The word affect has its roots in Latin, French, and late nineteenth-century Middle English. At its core, it means to be moved by or influenced to produce change. Popular associations include: to have an effect on; make a difference; feel something; make an impression; or to influence disposition.


More classical definitions are attributed to psychologist Silvan Tomkin, Dutch philosopher Spinoza, and French psychoanalyst and psychiatrist Jacques Lacan. In this way, much of the scholarly literature on affect acknowledges and credits the works of white professionals affiliated with the academy. However, the theorization of affect owes a considerable amount to Indigenous, Black, disabled, queer, intersex, trans, Muslim, Buddhist, Taoist, Hindu, Jainist, African spiritualists, and Jewish communities who have conceptualized many of these same conversations in different ways, using different language, and on different terms.

A couple of years back, I was sitting at the Toronto Reference Library on a cold winter day. A Spanish-speaking couple approached and took the seats across from me at a table I was working at. I read gender off the body and identify one as a woman. Perhaps even high femme. They were wearing a vibrant sweater while working on their HP laptop which matched the colour palette of their sweater.

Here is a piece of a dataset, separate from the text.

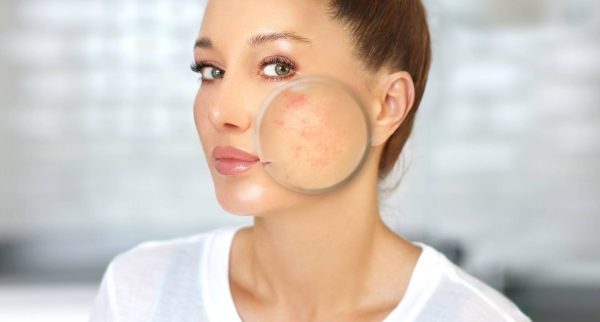 laser treatment for acne scars at eterna wellness medical spa in vancouver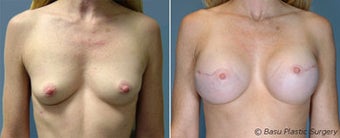 Breast reconstruction before 270824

There is silence at our table. All three of us are working independently on our individual tasks. Suddenly I feel a tickle in my throat. As I cleared my throat, I realize that she too had done the same. Silence at our table has been broken by a simultaneous clearing of both our throats. In this instant, we are synchronized down to the second. Did I affect her, or she me? I was doing work on shame and affect theory in that very moment of being affected, so the affective-ness of it all, was not lost on me. I wondered if she too caught it. I said nothing.

A week later I was again working at the Toronto Reference Library typing notes from Judith Herman on trauma and terror. As I type the word “connection” which Herman has written before me and I am noting, I hear from across the room “the French connection coming through”. As my fingers typed the word “connection”, I was hearing the word “connection” out loud from another human being outside of me, who had no clue what I was typing from the library book on the table, onto my laptop.


This is not the first time this has happened to me while typing notes. Sometimes, I’ll be listening to music on YouTube, and working on my laptop. As I type a word, I hear that same word being said out loud by whichever artist I’m listening to. Rare moments of synchronicity. I could be watching T.V. and typing, and the same thing will happen. So, I decided to approach the group of men and ask what they thought of it. I was curious to know how they conceptualized this moment of harmony between strangers.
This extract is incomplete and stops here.